Mengekspresikan kasih melalui
kebaktian dalam liturgi yang jujur, khidmat, jelas, menginspirasi dan
merefleksikan kebenaran Allah sebagaimana yang diungkapkan dalam Alkitab.
Lebih lanjut kasih
Kristiani kepada sesama manusia meliputi :
1.
Memandang dan memahami orang
lain secara otentik seperti yang telah dilakukan Yesus, dengan memperlakukan
orang lain sebagai yang diciptakan sesuai dengan gambar dan rupa Allah, tanpa
perlakuan diskriminatif berdasarkan ras, jenis kelamin, usia, kemampuan fisik
dan mental, kebangsaan dan status ekonomi;
2.
Berpihak, sebagaimana yang
sudah Yesus lakukan, dengan yang tersisih dan tertekan, terbuang dan sakit,
memperjuangkan kedamaian dan keadilan dengan segenap upaya dan daya;
3.
Memperjuangkan kebebasan
beragama dan mengupayakan suara-suara kenabian kepada pemerintah terkait dengan
keadaan sosial yang membutuhkan perhatian bersama segenap komponen masyarakat;
4.
Berjalan dengan rendah hati
bersama Allah, menyadari kelemahan diri sendiri sambil dengan tetap jujur
memuji dan mencari kebaikan dalam diri orang lain termasuk terhadap mereka yang
menganggap kita sebagai musuh mereka.
Sedangkan kasih
Kristiani kepada diri sendiri meliputi :
1.
Mendasarkan kehidupan kita
dalam iman bahwa di dalam Kristus, segala sesuatu dijadikan baru dan kita
termasuk semua orang amat sangat dikasihi dengan kasih yang lebih besar dari
yang dapat kita bayangkan untuk selama-lamanya;
2.
Menyadari bahwa sebenarnya
pikiran dan hati kita pada dasarnya adalah ciptaan Allah yang kudus, oleh sebab
itu baik iman maupun ilmu pengetahuan juga iman dan keragu-raguan
merupakan proses yang patut dihargai dalam mencari, menemukan dan
mempermuni kebenaran yang membawa kepada kehidupan karena-Nya;
3.
Peduli akan kebugaran tubuh
dengan menyediakan waktu yang cukup untuk menikmati kuasa dan sukacita yang
didapat melalui doa, refleksi, ibadah dan rekreasi yang akan memperlengkapi
karya kinerja sehari-hari sebagai wujud pertanggungjawaban talenta yang
dipercayakan-Nya;
4.
Menghidupi iman dengan tindakan
karena sadar bahwa hidup kita ini bermakna dan memiliki tujuan. Tindakan iman
itu dihayati sebagai panggilan dan pelayanan yang memperkuat dan mempernyata
bukti kasih Allah kepada dan melalui kita.
2.4
Isi Spiritualitas Kristiani
Dalam Gereja Katolik, terdapat
banyak cara penghayatan iman dan spiritualitas. Tetapi, inti semua
spiritualitas Kristiani yang benar adalah keinginan untuk “mengikuti” Yesus.[8]

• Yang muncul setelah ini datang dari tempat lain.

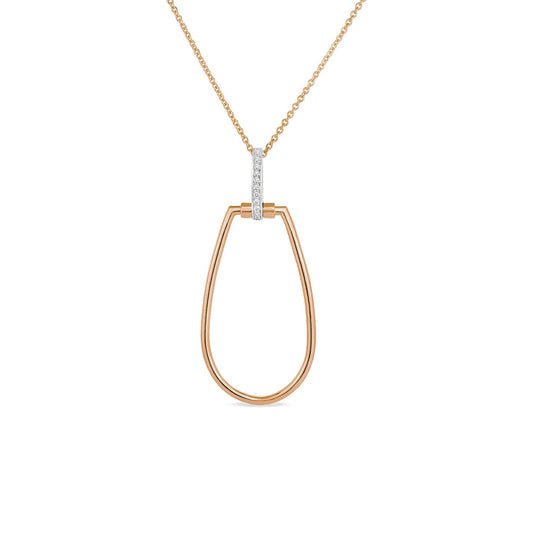 Experience the sophistication of the Roberto Coin Classica Parisienne 18K Rose Gold and Diamond Necklace. This exquisite piece showcases a minimalist teardrop pendant enhanced with a delicate band of diamonds, beautifully highlighting its elegant loop.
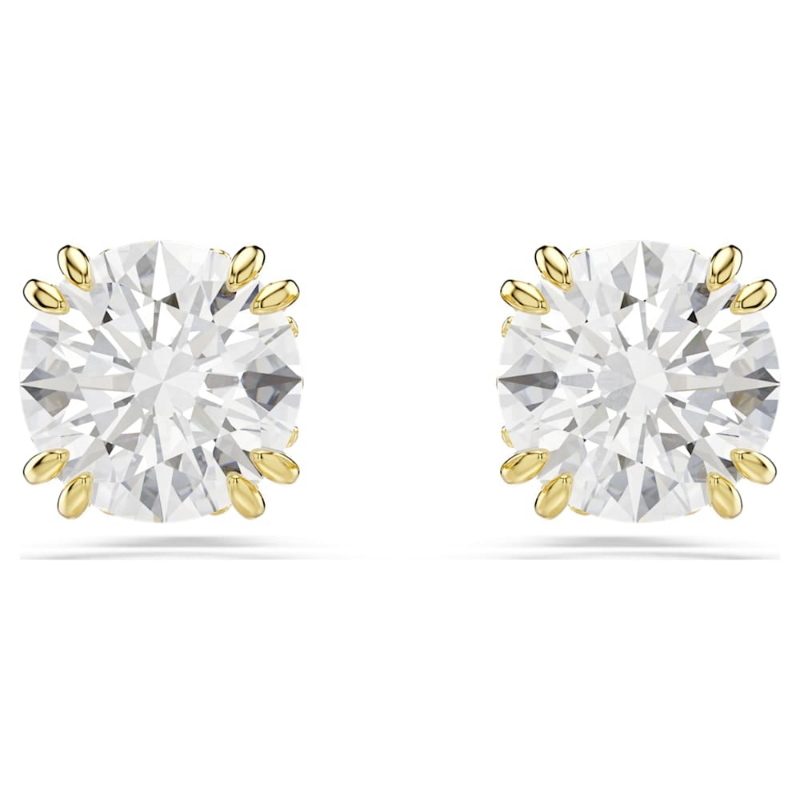 Swarovski 5642595 orecchini a lobo stilla, taglio round, bianchi, finitura oro 18k di swarovski originale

Spiritualitas Kristiani berdasarkan
identifikasi dalam iman dengan Yesus Kristus yang bagi orang-orang Kristiani
merupakan “jalan, kebenaran dan kehidupan” (Yoh. 1:46). Mengikuti Yesus berarti
membangun sikap-sikap yang diperlihatkan Yesus. Spiritualitas menjadi motivasi
untuk mengubah dunia yang penuh kekerasan, kebencian, penindasan, ketidakadilan
dan kedosaan, menjadi tempat di mana sentuhan cinta kasih Allah dapat
dirasakan.
2.5
Dasar Spiritualitas Kristiani : Kerendahan Hati
2.5.1 Pengertian Kerendahan Hati
2.5.1.1 Arti Etimologis Kerendahan
Hati
Kerendahan hati atau humility
berasal dari kata bahasa Latin humus
yang berarti tanah/ bumi. Jadi, kerendahan hati adalah menempatkan diri
‘membumi’ ke tanah. Secara khusus pada Rabu Abu, Gereja mengingatkan kita akan
hal ini: “Ingatlah bahwa kamu adalah debu, dan kamu akan kembali menjadi debu”
(Kej 3:19) Betapa dalamnya makna perkataan ini, dan jika kita renungkan, kita
akan semakin mengenal diri kita yang sesungguhnya.
2.5.1.2 Arti Substansial
Ada banyak definisi tentang kerendahan hati. Berikut ini
dijelaskan beberapa arti substansial dari kerendahan hati.
a.
Kerendahan Hati: Nilai yang Diperoleh dari Penghormatan kepada Tuhan
Dalam kehidupan rohani Kristiani, kerendahan hati
diartikan sebagai ‘nilai yang diperoleh dari penghormatan yang dalam kepada
Tuhan.’ Hal ini melibatkan pengenalan akan ‘tempat’ kita yang sebenarnya dalam
hubungan dengan Allah sebagai Pencipta dan dengan ciptaan-ciptaan Tuhan yang
lain, dan sikap ini menentukan perbuatan kita. Kerendahan hati juga mengantar
kita untuk mengakui bahwa kita dan segala ciptaan di dunia ini bukan apa-apa di
hadapan Tuhan, dan kerendahan hati mengarahkan kita untuk hidup sesuai dengan
pemahaman ini. Jadi, kerendahan hati membantu kita untuk melihat segalanya
dengan kaca mata Tuhan: kita melihat diri kita yang sesungguhnya, tidak
melebih-lebihkan hal positif yang ada pada kita, namun juga tidak mengingkari
bahwa segalanya itu adalah pemberian Tuhan. Dalam hal ini kerendahan hati
berhubungan dengan kebenaran dan keadilan yang membuat kita mengasihi kebenaran
lebih daripada kita mengasihi diri sendiri. Kebenaran ini memberikan kepada
kita pengetahuan akan diri sendiri, dengan kesadaran bahwa segala yang baik
yang ada pada kita adalah karunia Tuhan, dan sudah selayaknya sesuai dengan
keadilan, kita mempergunakan karunia itu untuk kemuliaan Tuhan (1Tim 1:17).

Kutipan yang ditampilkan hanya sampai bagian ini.